Yes. The book is set in the church community of my childhood, in the years when my parents first moved to New York City. It’s set in the neighborhood where I grew up, and all of the sights, sounds, and smells are the ones I knew as a child. I’m a native New Yorker, I love the city, and tried to capture it in hopelessly romantic detail. I am not, however, a religious scholar or anything close to a minister—so this is not an accurate account of most Presbyterian Churches. What I know about religion is the sense of longing to experience what lies below, around, and beyond our quotidian, physical lives—the desire to find meaning in life, and some guiding principles about how to be a good person. I know that quest well—I’m still on it.
What do you hope are some of the key takeaways from the novel?

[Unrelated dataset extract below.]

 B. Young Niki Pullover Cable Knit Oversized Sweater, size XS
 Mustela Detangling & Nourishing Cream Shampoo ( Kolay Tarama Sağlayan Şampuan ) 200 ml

That’s a hard questions for me—as an author, I don’t want to presume that readers will respond to my books in any prescribed way. That feels sort of controlling. What I got out of writing the book was realizing how hard it is to be devoted to someone else—how many times you have to recommit in order to have a meaningful relationship, how much work empathy takes. And forgiveness—don’t get me started on forgiveness. It took me weeks to write certain pages, because I had to wait for Lily to untie so many knots inside herself before she could love Charles and for Nan to let go of her need for Lily to love her. I sat with them for so many hours while they weighed pros and cons, examined their own enmity and resistance. It was exhausting! So, if I have to give an answer, I hope that people feel a little bit softer after they read it. I hope that experiencing these stories was meaningful and shed some light on the relationships in their own lives.
Now that the book has been out in the world for almost a year and coming soon in paperback, can you reflect on your experiences as a published author?
You’re the first person to ask me that! Thank you. It’s been a bizarre transition. I don’t think I’ve fully stepped into my role as “published author”. I’m still waiting to be as wise and interesting as that title sounds. Because this is my first book, and I published it after I settled down and had kids, my life hasn’t changed as much as it might have if I’d published earlier. I live in the same apartment, and have the same friends, help with homework and cook dinner and try to sleep late as often as I can. But, at the same time, I’m acutely aware that I have an opportunity to write more—not just novels, but essays and articles, too. I spend a lot of my time pondering what I want to say—how can I be most interesting, most useful. I don’t know yet, so I’m sort of in limbo. It’s a huge relief and very intimidating at the same time.
What was it like to find out that Jenna Bush Hager selected your book for her book club?
My editor, Marysue Rucci, called me out of the blue one morning and my heart dropped, because I assumed she was calling me with some sort of terrible news. She asked how I was, and I said, with great trepidation, “Fine, how are you?”
“I’m fantastic!” She shouted. She was thrilled, Simon & Schuster was thrilled, everyone was thrilled. It was such a surprise—probably one of the biggest surprises of my life. I felt like a grocery shopper who walked through the automatic doors to find out she was the one millionth customer, showered in balloons and streamers. I didn’t actually know that Jenna had a book club—I was her only her seventh pick. But when I read the first six, I knew what an honor it was. Jenna truly loves books, and she and her team are endlessly supportive of their authors. It’s incredible to be championed by people who are so enthusiastic about reading. I’m still amazed that it happened.
What are you currently reading and what’s on your TBR (to be read) list?
I have two reading circles: Book Club and Book Group. For Book Club, I’m reading Trust Exercise by Susan Choi. For Book Group, I’m reading The Great Believers, by Rebecca Makkai. My agent, Wendy Levinson, is eagerly waiting for me to read Lovers and Writers, by Lily King, so we can discuss it, and I’m looking forward to Untamed, by Glennon Doyle and The Testaments, by Margaret Atwood, both of which are on my bedside table.